School of Health Sciences, University of Nottingham, Nottingham, United Kingdom.
NIHR Nottingham Biomedical Research Centre, Nottingham, United Kingdom.
PLoS One. 2023 Sep 27;18(9):e0291573. doi: 10.1371/journal.pone.0291573. eCollection 2023.
The aim of the study was to ascertain the views and experiences of those working in urgent and emergency care (UEC) settings towards screening, brief intervention, and referral to treatment (SBIRT) for alcohol, to inform future practice.
To explore i) views towards health promotion, ii) views towards and practice of SBIRT, iii) facilitators and barriers to delivering SBIRT, iv) training needs to support future SBIRT practice, and v) comparisons in views and attitudes between demographic characteristics, geographical regions, setting and occupational groups.
This was an open cross-sectional international survey, using an online self-administered questionnaire with closed and open-ended responses. Participants were ≥18 years of age, from any occupational group, working in urgent and emergency care (UEC) settings in any country or region.
There were 362 respondents (aged 21-65 years, 87.8% shift workers) from 7 occupational groups including physicians (48.6%), nurses (22.4%) and advanced clinical practitioners (18.5%). Most believed that health promotion is part of their role, and that SBIRT for alcohol prevention is needed and appropriate in UEC settings. SBIRT was seen to be acceptable to patients. 66% currently provide brief alcohol advice, but fewer screen for alcohol problems or make alcohol-related referrals. The most common barriers were high workload and lack of funding for prevention, lack of knowledge and training on SBIRT, lack of access to high-quality resources, lack of timely referral pathways, and concerns about patient resistance to advice. Some views and attitudes varied according to demographic characteristics, occupation, setting or region.

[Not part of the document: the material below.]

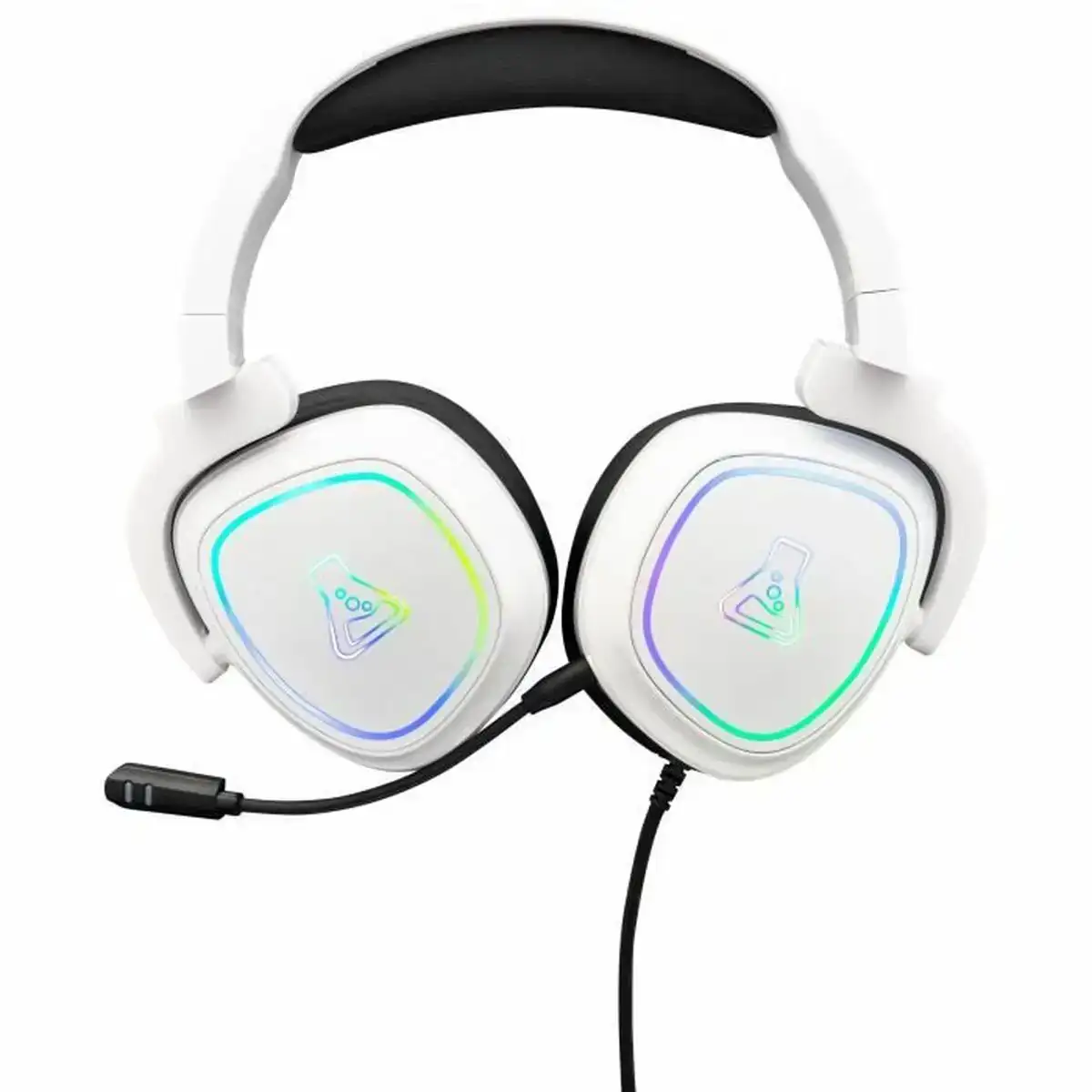 Casque the g lab blanc_5717. Bienvenue sur DIAYTAR COTE D'IVOIRE - Là où le Shopping Devient une Aventure. Explorez notre catalogue et dénichez des trésors qui élargiront votre horizon shopping.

UEC workers are willing to engage in SBIRT for alcohol prevention but there are challenges to implementation in UEC environments and concerns about workload impacts on already-burdened staff, particularly in the context of global workforce shortages. UEC workers advocate for clear guidelines and policies, increased staff capacity and/or dedicated health promotion teams onsite, SBIRT education/training/resources, appropriate physical spaces for SBIRT conversations and improved alcohol referral pathways to better funded services. Implementation of SBIRT could contribute to improving population health and reducing service demand, but it requires significant and sustained commitment of time and resources for prevention across healthcare organisations.

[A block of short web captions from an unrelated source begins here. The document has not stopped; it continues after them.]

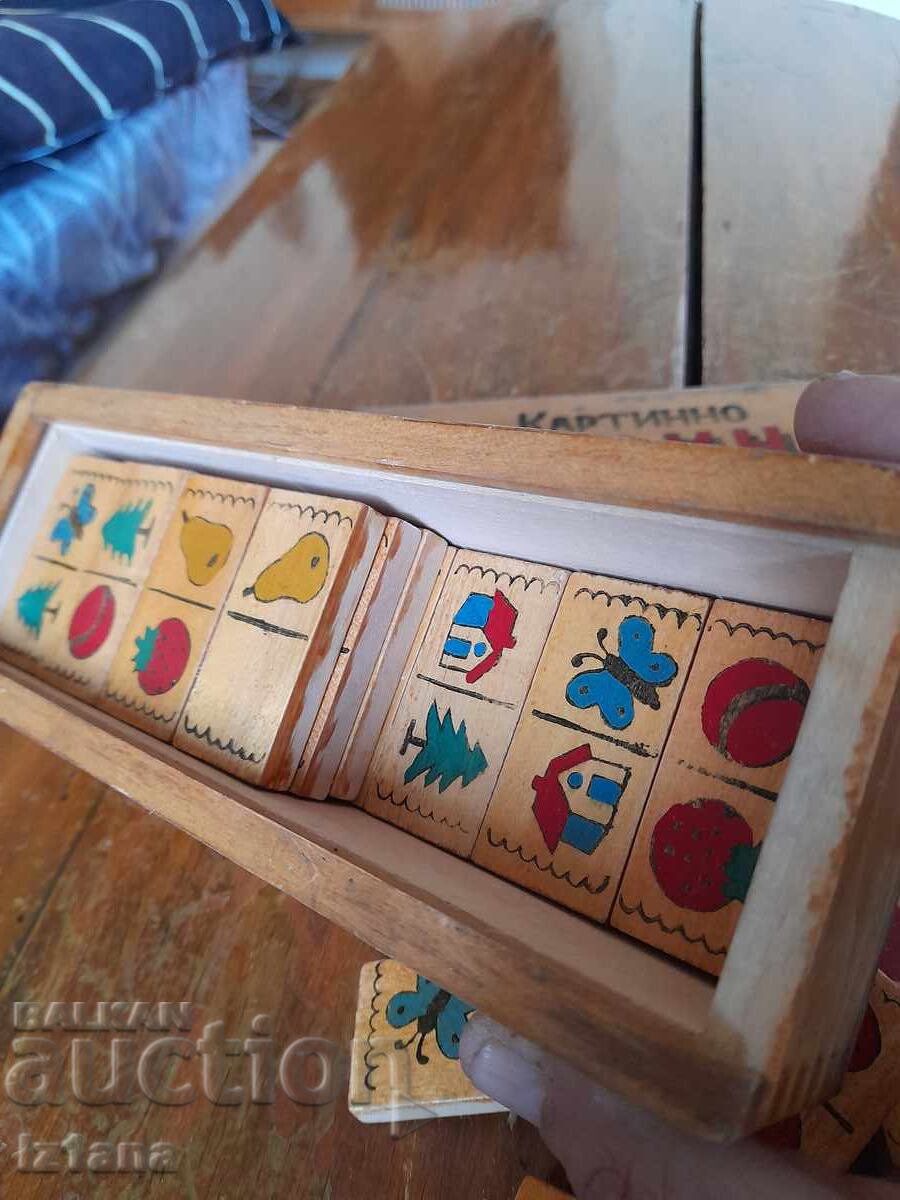 Παλιά εικόνα ντόμινο - 5 Παλιά εικόνα ντόμινο - 5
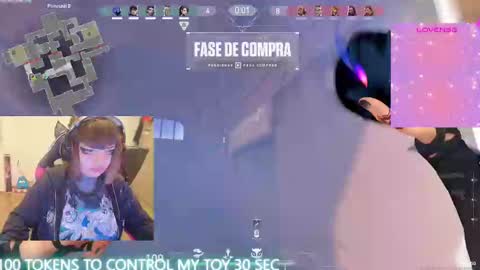 CatalinaANIDEA     online show from 03/12/25, 04:19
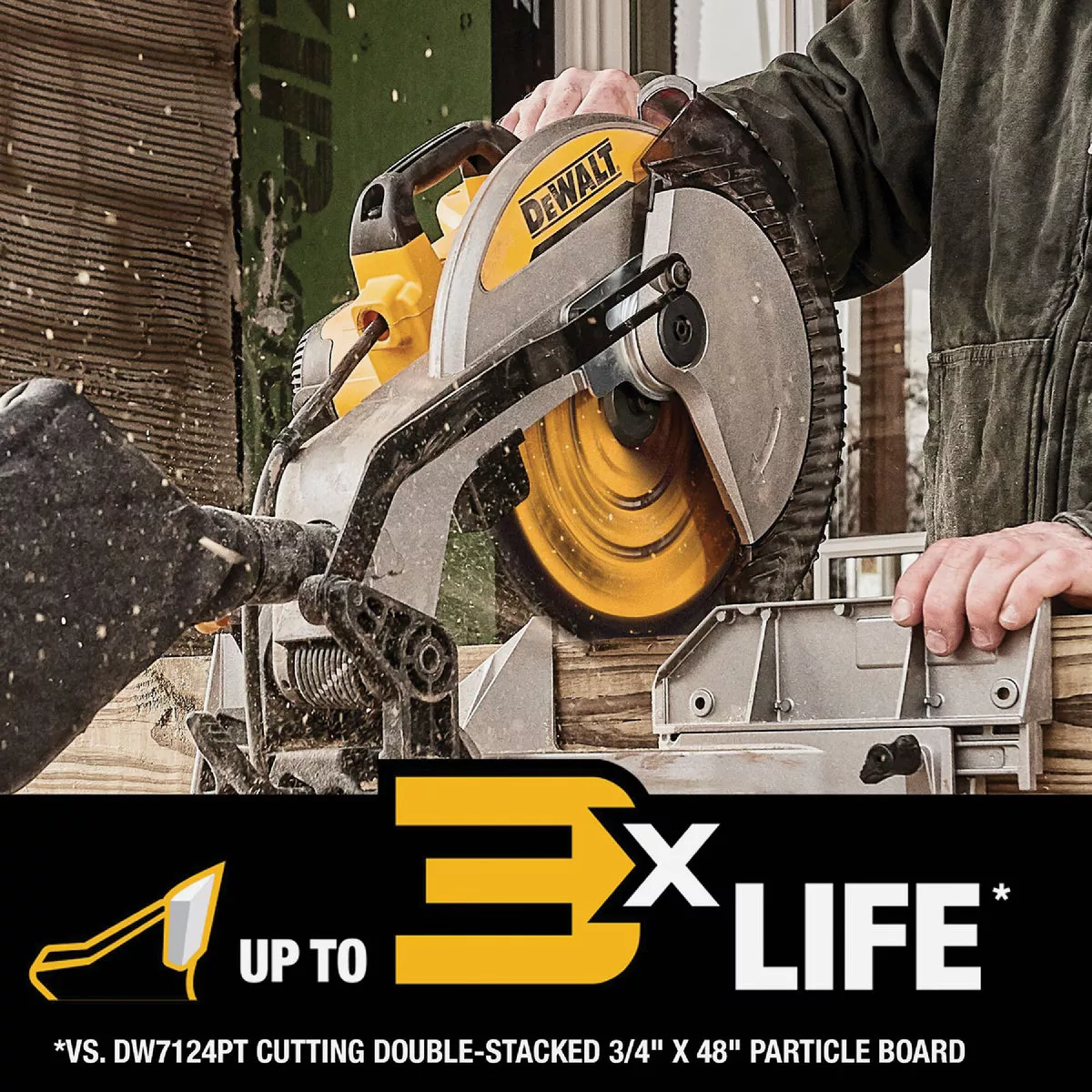 DEWALT 10 In. 24-Tooth General Purpose Circular Saw Blade - photo 4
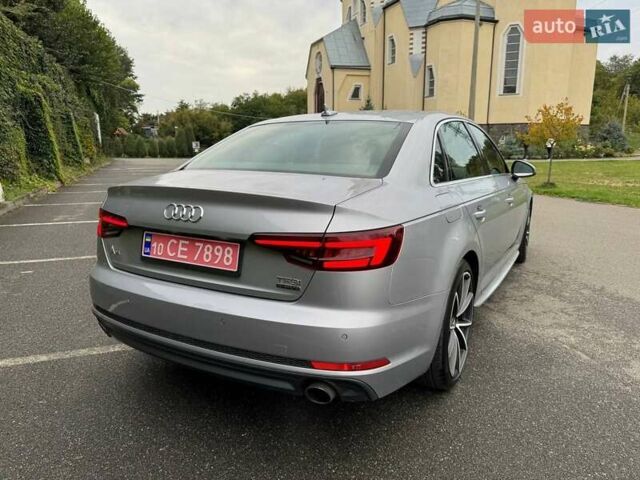 Ауди А4 2018 в Киеве на Automoto.ua Серый Ауди А4, объемом двигателя 2 л и пробегом 107 тыс. км за 23700 $, фото 15 на Automoto.ua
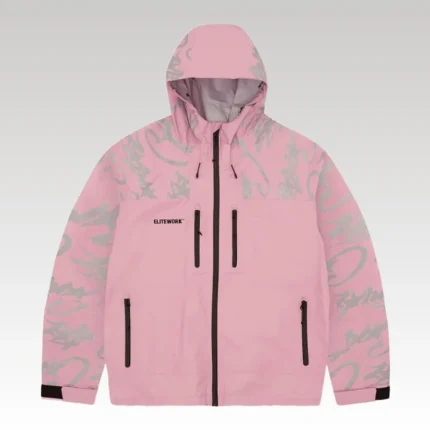 Hoodie Corteiz Elitework Waterproof Shell CZ025 - Drip Slum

本研究旨在了解从事急诊和急救护理工作的人员对酒精筛查、简短干预和转介治疗(SBIRT)的看法和经验,以为未来的实践提供信息。
探讨 i)对健康促进的看法,ii)对 SBIRT 的看法和实践,iii)提供 SBIRT 的促进因素和障碍,iv)支持未来 SBIRT 实践的培训需求,以及 v)在人口统计学特征、地理区域、工作场所和职业群体之间的看法和态度的比较。
这是一项开放性的国际横断面调查,使用在线自我管理问卷,包括封闭式和开放式回答。参与者年龄在 18 岁及以上,来自任何职业群体,在任何国家或地区的急诊和急救护理(UEC)环境中工作。
共有 362 名参与者(年龄 21-65 岁,87.8%为轮班工人)来自 7 个职业群体,包括医生(48.6%)、护士(22.4%)和高级临床医生(18.5%)。大多数人认为健康促进是他们工作的一部分,并且认为在 UEC 环境中需要并适合进行酒精预防的 SBIRT。SBIRT 被认为是可以接受的患者。66%的人目前提供简短的酒精建议,但较少的人筛查酒精问题或进行与酒精有关的转介。最常见的障碍是工作量大,缺乏预防资金,缺乏 SBIRT 的知识和培训,缺乏高质量资源的获取,缺乏及时的转介途径,以及对患者对建议的抵触的担忧。一些看法和态度根据人口统计学特征、职业、工作场所或地区而有所不同。
UEC 工作人员愿意参与酒精预防的 SBIRT,但在 UEC 环境中实施 SBIRT 存在挑战,并且担心工作量对已经负担过重的工作人员的影响,特别是在全球劳动力短缺的情况下。UEC 工作人员主张制定明确的指导方针和政策,增加员工能力和/或现场专门的健康促进团队,SBIRT 教育/培训/资源,进行 SBIRT 对话的适当物理空间,以及改善酒精转介途径以获得更好资金支持的服务。实施 SBIRT 可以有助于改善人口健康和减少服务需求,但需要医疗保健组织对预防工作进行重大和持续的时间和资源投入。